Opinión
Aquellos Quijotes
Homenaje y recuerdo a una generación de hombres inquietos

Fernando Rey y Alfredo Landa, en "El Quijote" televisivo.
Constata Alain Corbin al inicio de su maravilloso "El territorio del vacío", que uno de los grandes problemas que arrostran historiadores y sociólogos cuando se enfrentan al pasado, es el "anacronismo psicológico"; es decir, "la tranquila, abusiva y ciega certeza de la comprensión del pasado". Para Corbin, "no hay otro modo de conocer a los hombres del pasado que el de intentar apoderarse de sus miradas, vivir sus emociones...". Es un problema de muy difícil solución: comprender cómo veían el mundo personas que nos antecedieron y de las que estamos generacionalmente muy lejanas exige una gran dosis de humildad, paciencia e incluso suerte, si es que somos capaces de disponer de documentos personales que nos ayuden a entender cómo era esa cosmovisión.
Algo así ocurre con los restos de esa España rural que comenzó a cambiar con el cambio tectónico que supuso la emigración masiva a las grandes ciudades durante la segunda mitad del siglo XX: corremos el riesgo de ver solo cifras y de no entender los motivos profundos de muchos de esos movimientos. En nuestro caso, por ejemplo, la cantidad de varones que a través del seminario consiguieron una formación que no era fácil lograr en los pueblos de aquella época.
Pensaba en esto a raíz de la muerte, con pocos meses de diferencia, de dos personas que quizá no llegaron a conocerse, pero cuyo perfil generacional los convierte en un ejemplo de cómo muchas familias buscaron un futuro mejor para sus hijos a través de la Iglesia.
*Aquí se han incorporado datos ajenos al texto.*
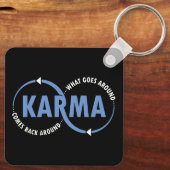 Karma - wat er omheen gaat komt terug rond (v2) sleutelhanger (Achterkant)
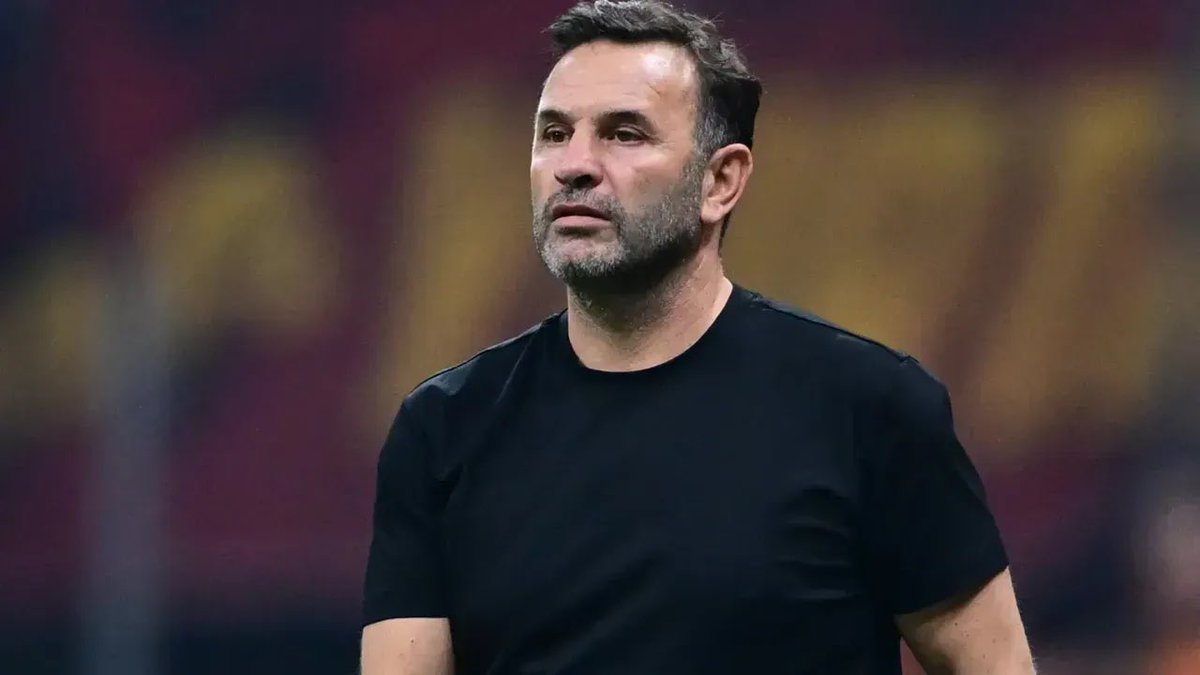 oğlu kanserken dursuna güvenip ( dünyada alınacak en büyük risk) 13. olmuş takıma gelmeyi kabul etti çok büyük sorumluluklar aldı bugün oğluda sağlıklı galatasarayı da şampiyonlar ligi takımı yaptı 

allah güzel kalbine veriyor hocam kalbimiz durana kadar yanındayız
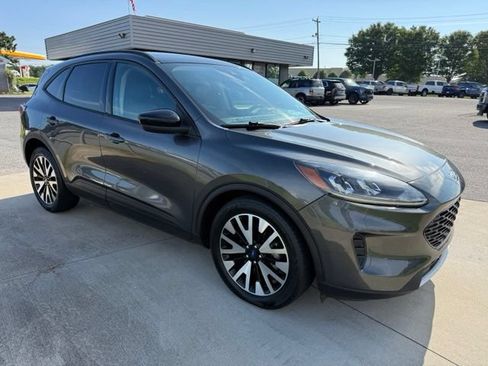 Used 2020 Ford Escape SE Sport FWD image 4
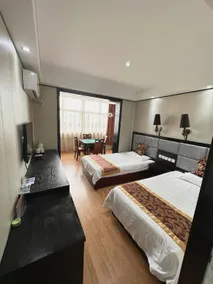 Zaoxiang Business Hotel (Neihuang County Wanyang Plaza Branch) - Image 2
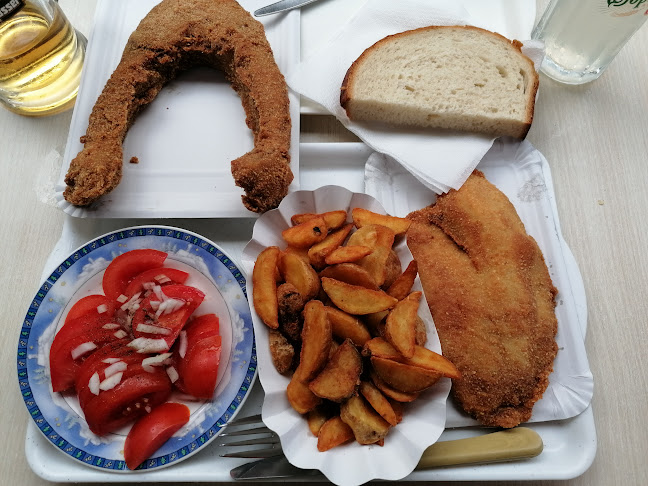 Halas Karcsi Büféje ( Best fish place at Balaton) - Zamárdi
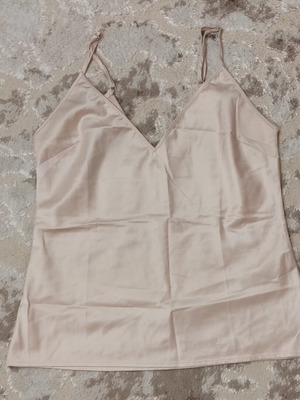 Satin tank top like new, size M, beige pink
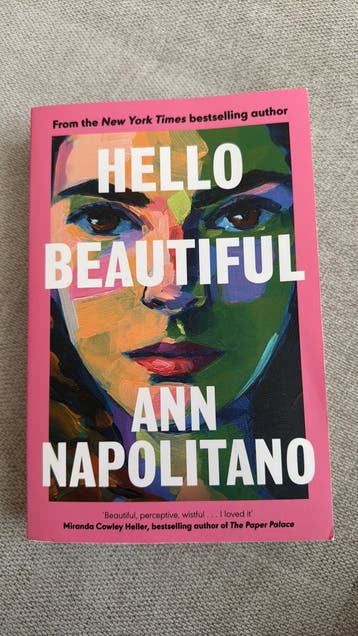 Boek - Hello Beautiful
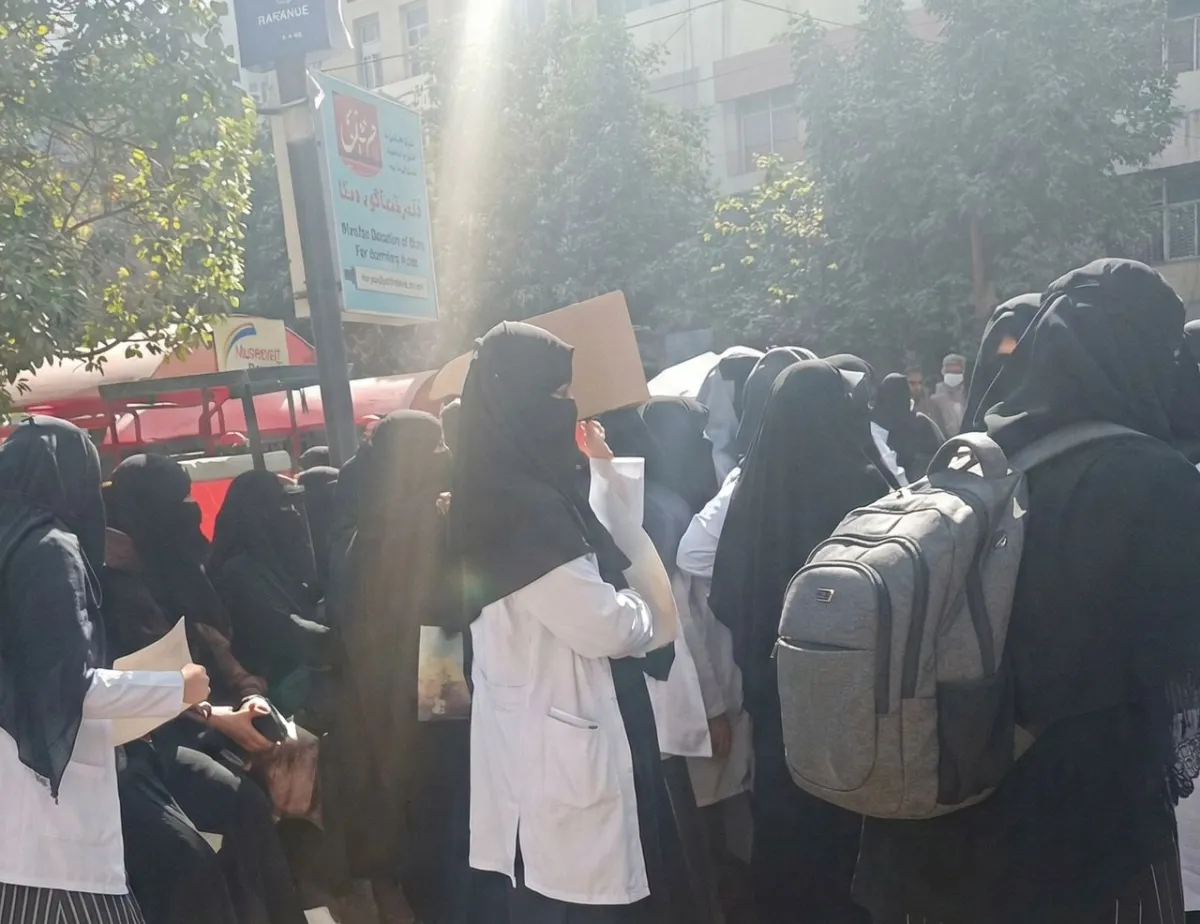 مظاهرة لموظفي مستشفى الثورة بصنعاء تطالب بطرد المداني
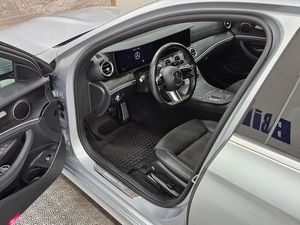 Mercedes E220 bild 2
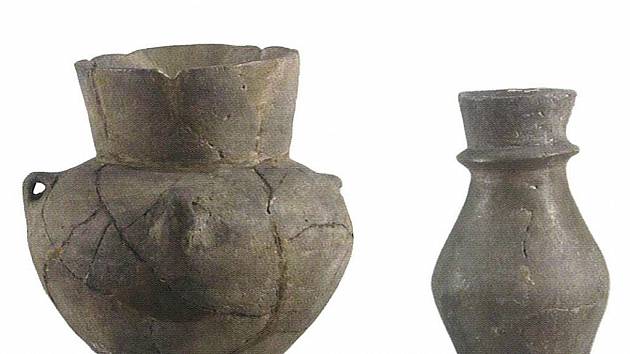 Příklady keramické produkce kultury s nálevkovitými poháry. Amfora (vlevo) a láhev s límcem (vpravo) (podle: ).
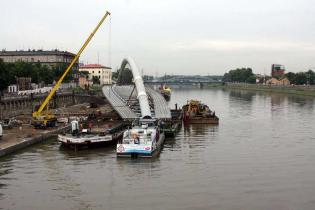 Budowa kładki - stan na 19.06.2010; fot.: INTOP Tarnobrzeg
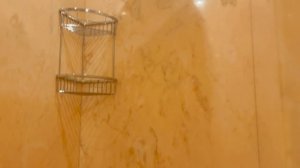 Отделка натуральным розовым мрамором санузла в квартире (Москва) на заказ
Uno de ellos fue Miguel González, sacerdote pasionista nacido en Santa Colomba de Sanabria en 1933, y el otro fue el catedrático Leandro Rodríguez, nacido un año más tarde, en 1934, también en el pueblo sanabrés de Trefacio. He de decir que no los traté, ni mucho menos, por igual a ambos: Miguel fue siempre un hombre cercano en nuestra casa, amigo de mi padre, que a su vez había sido amigo de su tío Miguel, también sacerdote; a Leandro lo conocí tarde, cuando era mayor, y mi acercamiento a él fue como profesor y divulgador del origen judío de Miguel de Cervantes.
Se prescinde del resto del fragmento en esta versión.